STANLEY SHELDON | ROCK DIARY
Warren Zevon & Broken Ankle 1978
During the Warren Zevon's “Excitable Boy” tour, this stage antic/maneuver, call it what you will, was a classic. At the end of his encore, “I’ll Sleep When I’m Dead”, Warren decided that it might be exciting for the audience if he were to dance around a little bit, and then to suddenly jump into the open orchestra pit, (a mere 10 to 15 foot plummet). I think he might have survived the fall without sustaining any injury if only he had been a little more drunk (if that were possible), or at least if he would have had the good sense to place some sort of padding at the bottom of the “pit.” At any rate, the song ends – Warren leaps. He broke both of his ankles, and was, in my estimation, very fortunate not to have sustained any further injuries. It would have been misfortunate under any circumstances, but the band still had two full two months of touring lined up.
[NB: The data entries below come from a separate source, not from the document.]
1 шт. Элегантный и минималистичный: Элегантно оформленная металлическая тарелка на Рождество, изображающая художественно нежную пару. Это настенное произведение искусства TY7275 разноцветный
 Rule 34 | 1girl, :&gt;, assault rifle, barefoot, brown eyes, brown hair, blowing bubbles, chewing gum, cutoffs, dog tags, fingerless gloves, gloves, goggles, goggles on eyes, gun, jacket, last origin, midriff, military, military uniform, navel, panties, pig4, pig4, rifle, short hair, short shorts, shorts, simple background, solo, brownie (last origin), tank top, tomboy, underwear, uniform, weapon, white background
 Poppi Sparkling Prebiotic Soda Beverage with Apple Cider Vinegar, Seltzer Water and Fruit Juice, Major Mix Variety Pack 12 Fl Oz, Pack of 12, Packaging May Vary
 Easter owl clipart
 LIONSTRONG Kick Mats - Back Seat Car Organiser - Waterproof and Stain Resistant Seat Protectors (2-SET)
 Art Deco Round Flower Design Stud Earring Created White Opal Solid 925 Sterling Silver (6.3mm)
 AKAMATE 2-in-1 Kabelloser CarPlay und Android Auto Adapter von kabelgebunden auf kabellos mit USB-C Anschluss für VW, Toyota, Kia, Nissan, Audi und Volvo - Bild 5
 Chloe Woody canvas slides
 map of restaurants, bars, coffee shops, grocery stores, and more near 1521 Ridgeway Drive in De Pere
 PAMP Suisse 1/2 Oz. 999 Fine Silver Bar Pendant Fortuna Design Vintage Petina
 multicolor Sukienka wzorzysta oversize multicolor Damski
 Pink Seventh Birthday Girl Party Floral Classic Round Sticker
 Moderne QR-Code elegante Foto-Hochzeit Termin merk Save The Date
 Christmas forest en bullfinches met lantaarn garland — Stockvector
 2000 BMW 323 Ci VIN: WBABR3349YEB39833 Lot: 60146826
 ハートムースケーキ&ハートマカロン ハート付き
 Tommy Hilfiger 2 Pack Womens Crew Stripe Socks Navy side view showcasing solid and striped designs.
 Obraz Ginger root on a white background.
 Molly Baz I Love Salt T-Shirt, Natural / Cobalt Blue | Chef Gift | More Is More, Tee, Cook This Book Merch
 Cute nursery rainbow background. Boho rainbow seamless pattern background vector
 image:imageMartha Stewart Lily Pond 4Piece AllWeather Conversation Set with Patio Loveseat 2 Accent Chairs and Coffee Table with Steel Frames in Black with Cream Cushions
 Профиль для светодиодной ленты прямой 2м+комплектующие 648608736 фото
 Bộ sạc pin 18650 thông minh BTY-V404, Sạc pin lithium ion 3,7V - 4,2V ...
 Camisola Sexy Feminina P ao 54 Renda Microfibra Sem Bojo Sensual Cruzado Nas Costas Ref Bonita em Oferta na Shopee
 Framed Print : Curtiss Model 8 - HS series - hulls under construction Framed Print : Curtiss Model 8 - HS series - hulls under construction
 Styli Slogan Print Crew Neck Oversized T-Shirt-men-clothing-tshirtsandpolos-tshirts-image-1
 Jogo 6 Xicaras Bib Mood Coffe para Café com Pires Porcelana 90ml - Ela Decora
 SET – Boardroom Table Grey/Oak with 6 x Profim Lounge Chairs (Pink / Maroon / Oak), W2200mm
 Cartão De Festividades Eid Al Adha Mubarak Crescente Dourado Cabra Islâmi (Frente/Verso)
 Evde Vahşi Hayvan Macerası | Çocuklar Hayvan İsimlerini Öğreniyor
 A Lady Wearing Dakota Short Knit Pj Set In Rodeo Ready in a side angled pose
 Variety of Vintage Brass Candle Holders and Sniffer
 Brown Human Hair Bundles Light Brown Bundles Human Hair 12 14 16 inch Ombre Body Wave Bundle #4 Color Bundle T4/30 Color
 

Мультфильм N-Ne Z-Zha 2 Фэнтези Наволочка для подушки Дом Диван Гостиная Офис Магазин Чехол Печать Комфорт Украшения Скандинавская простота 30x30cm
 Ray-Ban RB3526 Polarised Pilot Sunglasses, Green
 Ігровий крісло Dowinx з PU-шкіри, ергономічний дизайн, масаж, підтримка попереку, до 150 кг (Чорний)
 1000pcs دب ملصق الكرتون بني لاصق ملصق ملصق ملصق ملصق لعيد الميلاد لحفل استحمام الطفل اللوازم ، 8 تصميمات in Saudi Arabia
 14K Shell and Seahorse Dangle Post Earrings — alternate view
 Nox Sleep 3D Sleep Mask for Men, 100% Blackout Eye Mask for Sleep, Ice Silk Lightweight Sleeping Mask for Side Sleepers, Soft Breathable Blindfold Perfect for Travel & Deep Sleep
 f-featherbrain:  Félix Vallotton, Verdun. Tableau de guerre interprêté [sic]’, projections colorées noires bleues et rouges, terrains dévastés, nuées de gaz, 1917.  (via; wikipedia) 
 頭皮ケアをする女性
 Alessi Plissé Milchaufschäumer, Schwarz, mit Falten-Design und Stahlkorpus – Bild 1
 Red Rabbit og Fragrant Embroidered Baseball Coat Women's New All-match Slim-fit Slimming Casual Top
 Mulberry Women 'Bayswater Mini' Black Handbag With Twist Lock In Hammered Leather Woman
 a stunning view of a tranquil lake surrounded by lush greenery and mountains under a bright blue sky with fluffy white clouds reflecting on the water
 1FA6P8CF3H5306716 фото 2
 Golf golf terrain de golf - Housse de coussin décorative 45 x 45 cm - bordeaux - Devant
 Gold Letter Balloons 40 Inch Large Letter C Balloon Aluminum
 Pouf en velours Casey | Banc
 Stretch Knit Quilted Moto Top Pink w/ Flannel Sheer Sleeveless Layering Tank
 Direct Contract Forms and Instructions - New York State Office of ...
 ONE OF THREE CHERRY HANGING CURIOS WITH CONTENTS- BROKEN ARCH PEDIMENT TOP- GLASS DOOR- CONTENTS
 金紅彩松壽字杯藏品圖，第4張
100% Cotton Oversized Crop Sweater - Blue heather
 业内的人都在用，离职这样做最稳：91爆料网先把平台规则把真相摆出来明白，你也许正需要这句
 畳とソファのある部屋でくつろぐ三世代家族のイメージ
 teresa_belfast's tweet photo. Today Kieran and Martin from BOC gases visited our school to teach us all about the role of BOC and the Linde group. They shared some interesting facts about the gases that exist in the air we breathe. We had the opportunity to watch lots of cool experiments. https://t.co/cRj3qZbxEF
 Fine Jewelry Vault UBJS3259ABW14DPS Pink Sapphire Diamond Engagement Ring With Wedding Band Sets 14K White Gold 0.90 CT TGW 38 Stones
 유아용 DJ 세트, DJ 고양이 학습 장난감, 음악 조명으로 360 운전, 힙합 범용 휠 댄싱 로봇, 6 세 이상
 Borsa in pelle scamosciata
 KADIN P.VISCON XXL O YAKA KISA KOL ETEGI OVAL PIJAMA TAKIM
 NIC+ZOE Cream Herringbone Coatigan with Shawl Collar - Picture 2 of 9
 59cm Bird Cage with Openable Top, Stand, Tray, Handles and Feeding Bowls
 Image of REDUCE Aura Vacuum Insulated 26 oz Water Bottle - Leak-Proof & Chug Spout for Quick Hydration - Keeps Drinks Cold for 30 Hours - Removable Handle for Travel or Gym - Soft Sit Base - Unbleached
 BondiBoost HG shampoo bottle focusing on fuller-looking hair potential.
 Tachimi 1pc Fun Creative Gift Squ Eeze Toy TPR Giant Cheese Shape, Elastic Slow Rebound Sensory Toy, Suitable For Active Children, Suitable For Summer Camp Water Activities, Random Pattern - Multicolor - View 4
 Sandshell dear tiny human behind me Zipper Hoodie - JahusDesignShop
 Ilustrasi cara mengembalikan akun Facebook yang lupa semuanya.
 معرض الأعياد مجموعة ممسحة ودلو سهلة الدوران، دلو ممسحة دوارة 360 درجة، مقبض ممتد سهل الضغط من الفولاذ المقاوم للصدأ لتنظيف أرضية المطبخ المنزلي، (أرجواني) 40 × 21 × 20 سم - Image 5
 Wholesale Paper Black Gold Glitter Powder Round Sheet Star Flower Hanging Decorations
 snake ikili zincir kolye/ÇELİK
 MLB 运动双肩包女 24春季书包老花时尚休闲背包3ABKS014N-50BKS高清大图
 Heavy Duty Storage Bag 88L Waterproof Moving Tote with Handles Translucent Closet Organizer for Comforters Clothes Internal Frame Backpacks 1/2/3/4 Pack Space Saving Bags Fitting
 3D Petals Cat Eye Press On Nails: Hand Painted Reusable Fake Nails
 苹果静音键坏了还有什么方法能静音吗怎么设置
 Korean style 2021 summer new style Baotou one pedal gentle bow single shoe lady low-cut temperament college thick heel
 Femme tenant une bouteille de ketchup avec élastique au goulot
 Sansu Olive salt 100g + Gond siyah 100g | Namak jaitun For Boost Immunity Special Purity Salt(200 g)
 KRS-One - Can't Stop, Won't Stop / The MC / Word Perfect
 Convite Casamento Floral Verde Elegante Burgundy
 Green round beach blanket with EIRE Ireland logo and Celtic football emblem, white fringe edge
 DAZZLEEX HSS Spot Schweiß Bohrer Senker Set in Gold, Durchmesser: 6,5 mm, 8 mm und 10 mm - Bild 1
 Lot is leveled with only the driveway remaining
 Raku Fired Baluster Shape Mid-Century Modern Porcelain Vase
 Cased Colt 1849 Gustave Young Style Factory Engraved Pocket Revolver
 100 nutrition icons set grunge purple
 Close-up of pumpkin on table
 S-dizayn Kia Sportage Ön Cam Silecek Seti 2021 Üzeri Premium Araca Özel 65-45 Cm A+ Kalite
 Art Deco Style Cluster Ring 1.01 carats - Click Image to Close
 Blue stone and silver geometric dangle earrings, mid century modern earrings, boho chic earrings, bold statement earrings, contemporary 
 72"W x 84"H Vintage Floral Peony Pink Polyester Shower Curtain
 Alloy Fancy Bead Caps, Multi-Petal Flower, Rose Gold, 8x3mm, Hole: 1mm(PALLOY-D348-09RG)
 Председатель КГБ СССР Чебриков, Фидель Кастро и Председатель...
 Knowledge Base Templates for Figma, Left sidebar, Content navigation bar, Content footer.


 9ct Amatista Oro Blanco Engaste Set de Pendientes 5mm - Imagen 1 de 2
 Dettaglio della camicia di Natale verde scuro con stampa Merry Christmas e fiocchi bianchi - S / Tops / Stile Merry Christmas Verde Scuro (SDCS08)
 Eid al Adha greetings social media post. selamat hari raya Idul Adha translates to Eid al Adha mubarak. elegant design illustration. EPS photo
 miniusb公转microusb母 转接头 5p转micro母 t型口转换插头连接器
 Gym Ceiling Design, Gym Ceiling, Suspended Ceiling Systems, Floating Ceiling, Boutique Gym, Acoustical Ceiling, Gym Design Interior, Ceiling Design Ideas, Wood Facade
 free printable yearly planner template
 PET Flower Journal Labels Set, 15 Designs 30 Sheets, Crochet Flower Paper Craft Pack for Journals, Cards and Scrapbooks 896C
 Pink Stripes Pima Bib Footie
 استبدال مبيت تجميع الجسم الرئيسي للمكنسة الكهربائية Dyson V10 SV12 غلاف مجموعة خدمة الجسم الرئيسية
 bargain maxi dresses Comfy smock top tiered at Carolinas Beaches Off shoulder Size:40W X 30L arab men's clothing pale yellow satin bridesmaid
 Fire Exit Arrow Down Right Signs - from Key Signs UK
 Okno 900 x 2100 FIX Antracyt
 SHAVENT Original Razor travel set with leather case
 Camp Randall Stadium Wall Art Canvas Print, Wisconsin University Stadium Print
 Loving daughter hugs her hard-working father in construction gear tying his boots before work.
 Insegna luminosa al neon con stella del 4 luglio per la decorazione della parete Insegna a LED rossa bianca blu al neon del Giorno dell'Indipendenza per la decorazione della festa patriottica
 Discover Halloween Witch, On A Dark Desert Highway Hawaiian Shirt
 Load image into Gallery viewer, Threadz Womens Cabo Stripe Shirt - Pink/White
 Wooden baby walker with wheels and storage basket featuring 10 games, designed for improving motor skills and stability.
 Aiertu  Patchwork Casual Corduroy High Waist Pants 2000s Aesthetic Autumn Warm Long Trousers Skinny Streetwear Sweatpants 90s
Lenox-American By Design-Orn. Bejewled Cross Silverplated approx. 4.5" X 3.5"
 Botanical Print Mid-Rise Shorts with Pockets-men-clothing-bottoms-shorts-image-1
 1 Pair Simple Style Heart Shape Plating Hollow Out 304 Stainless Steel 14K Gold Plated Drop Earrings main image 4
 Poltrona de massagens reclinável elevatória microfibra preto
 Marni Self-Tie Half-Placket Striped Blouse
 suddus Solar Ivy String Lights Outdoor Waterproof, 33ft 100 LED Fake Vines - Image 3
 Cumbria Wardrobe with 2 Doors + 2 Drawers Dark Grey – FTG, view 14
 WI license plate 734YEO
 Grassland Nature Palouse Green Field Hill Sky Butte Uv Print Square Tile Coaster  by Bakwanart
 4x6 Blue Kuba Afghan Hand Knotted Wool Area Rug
The result was rather embarrassing for all of us. There was a lengthy convalescence for Warren, and, to add insult to injury, he had to be carried out nightly by a roadie who would tenderly place him (and his dangling, cast-bound feet) at the piano bench.
Warren’s show became much less animated after the “accident.” But, as a consolation, he did manage to salvage something from the unfortunate experience – a concept for his upcoming album. The new record (now a cult classic) is titled, fittingly enough, “Bad Luck Streak in Dancing School.”
The guitar duties in Warren’s band were handled by Waddy Wachtel on lead, and David Landau, (brother of record producer, John Landau), on rhythm, Rick Marotta on drums, myself on bass, along with Warren on piano – rounding out the five-piece unit. It was a good band. “Excitable Boy” was co-produced by Jackson Brown and Waddy Wachtel, and the hoopla accompanying the hit album was made even more sensational because of Jackson’s involvement. “Runnin on Empty” had been the most recent successful “live” rock and roll recording, after “Frampton Comes Alive!”, so Peter and Jackson had something in common – and so did Peter and Warren.